90% des bénéficiaires de pensions de réversion sont des femmes

 

Un quart des retraités français touche des pensions de droit indirect. Selon une étude de la direction de la recherche et des statistiques du ministère des Affaires sociales parue le 23 février 2016, 4,3 millions de personnes, vivant en France ou à l'étranger, bénéficiaient en 2012 d'une pension de réversion, c'est-à-dire se voyaient octroyer une partie de la retraite que percevait ou aurait dû percevoir s'il avait quitté la vie active leur conjoint marié décédé.

Sur ce nombre, 1,1 million touchaient même uniquement de la réversion. Soit parce que le veuf ou la veuve n'était pas encore à la retraite (la pension de réversion est accessible à partir de 55 ans dans les régimes du secteur privé et il n'y a pas de condition d'âge dans les régimes du public). Soit parce que le conjoint survivant n'a jamais travaillé et ne s'est donc pas constitué de droits directs à la retraite.

90% de femmes

Les bénéficiaires de la réversion sont à 90% des femmes. Plusieurs raisons expliquent ce phénomène. Dans les couples mariés, les épouses sont en moyenne deux à trois ans plus jeunes et vivent également beaucoup plus longtemps que leurs époux. En cas de divorce, non seulement les hommes ont tendance à se remarier, mais leur nouvelle épouse est généralement plus jeune que leur ancienne compagne.

En outre, dans les régimes du privé, la pension de réversion est octroyée sous conditions de ressources (*).

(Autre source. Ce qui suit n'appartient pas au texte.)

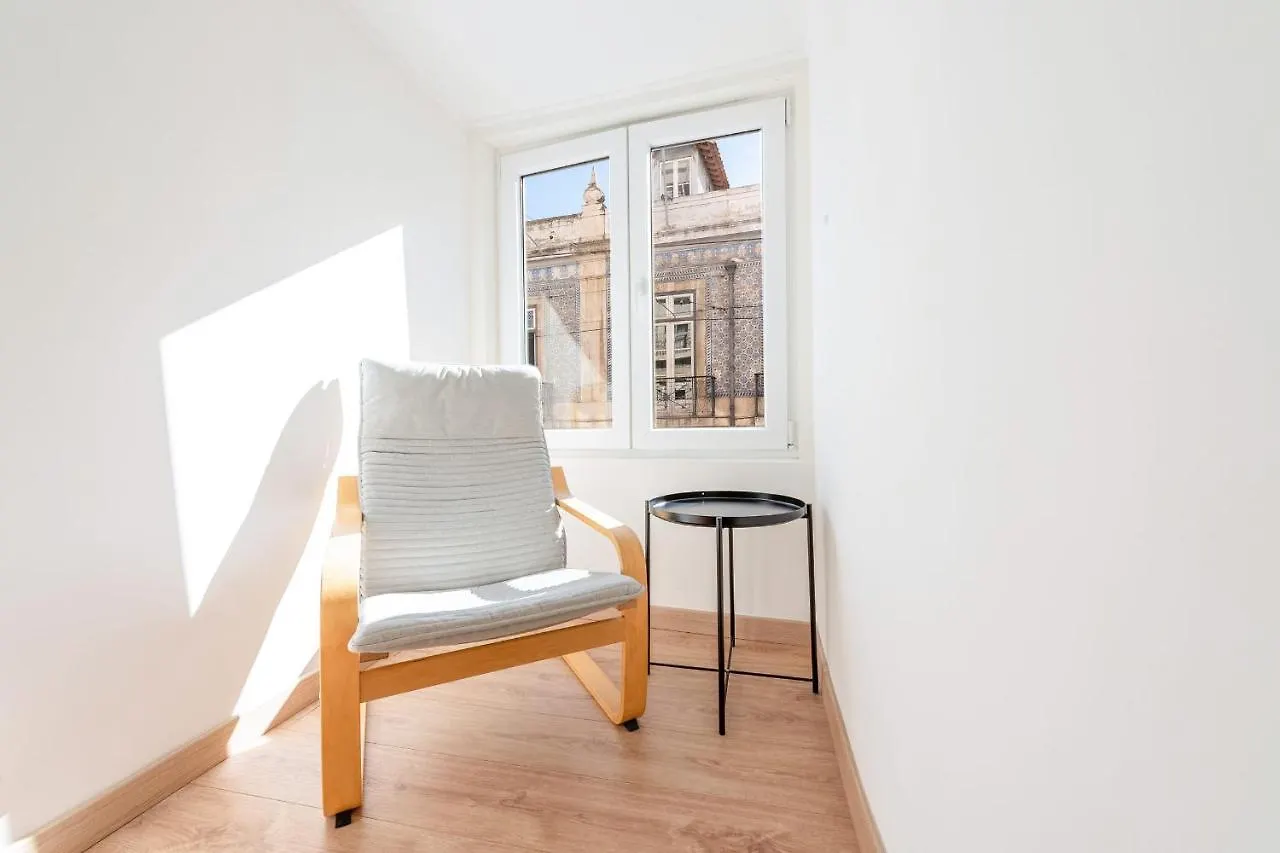 Апартаменты Guestready - Urban Charm In The Heart Of Лиссабон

Les hommes percevant des retraites nettement plus élevées que les femmes, les veufs dépassent facilement le plafond de revenus et se voient donc privés de réversion.

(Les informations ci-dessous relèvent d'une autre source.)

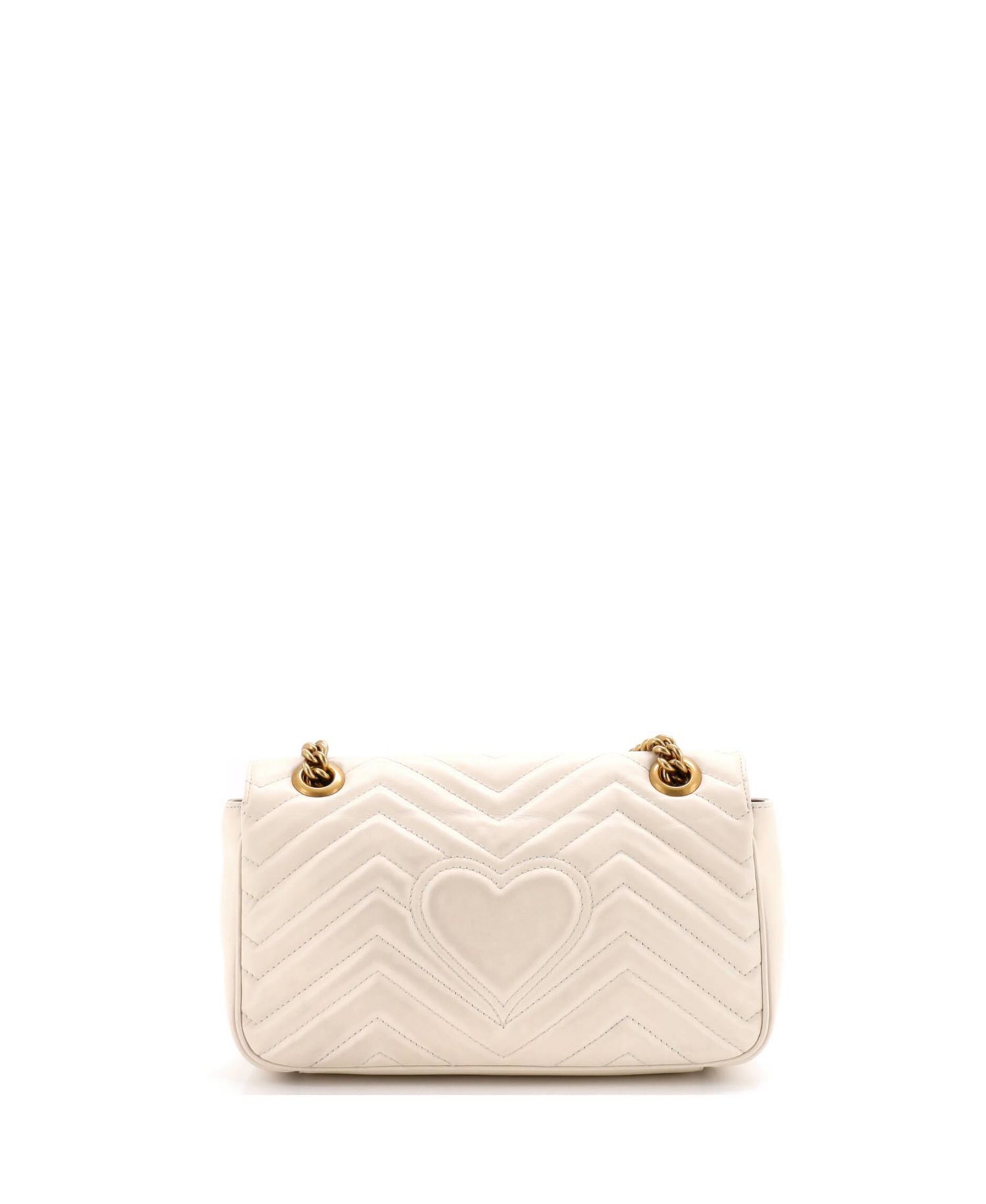 Medium GG Marmont Flap Bag Matelasse Leather
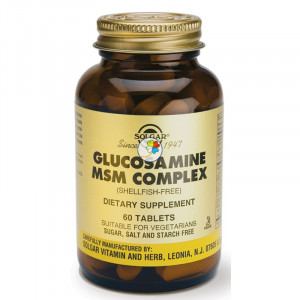 GLUCOSAMINA MSM COMPLEX 60 CAPSULAS SOLGAR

Réversion deux fois plus élevée chez les veuves

Au final, la pension de droit indirect perçue par les femmes est en moyenne deux fois plus élevée que celle des hommes. Les premières touchent en moyenne 642 euros par mois de réversion, contre 304 euros par mois pour les seconds. La pension de réversion étant calculée en fonction de la retraite du défunt, il est normal que les veufs perçoivent une somme moindre. Autre enseignement de l'étude, il existe une grande disparité dans les montants de réversion : 10% des veuves perçoivent moins de 125 euros par mois de pension de droit indirect tandis que 10% touchent plus de 1.185 euros.

Enfin, la part de réversion augmente avec l'âge. Pour les générations nées entre 1928 et 1932, les pensions de droit indirect représentent 49% de la retraite pour les femmes âgées de 60 à 64 ans et 55% pour celles de 75 à 79 ans. « La liquidation tardive d'un droit dérivé peut correspondre à des décès de personnes ayant eu des carrières plus favorables (carrière plus longue, personnes plus qualifiées ayant de plus grandes espérances de vie). Le montant moyen du droit dérivé augmente donc plus vite avec l'âge que la pension totale », explique l'auteur de l'étude.

(*) En 2016, pas plus de 20.113,60 euros de revenus annuels si le conjoint survivant vit seul ou 32.181,76 euros s'il vit en couple.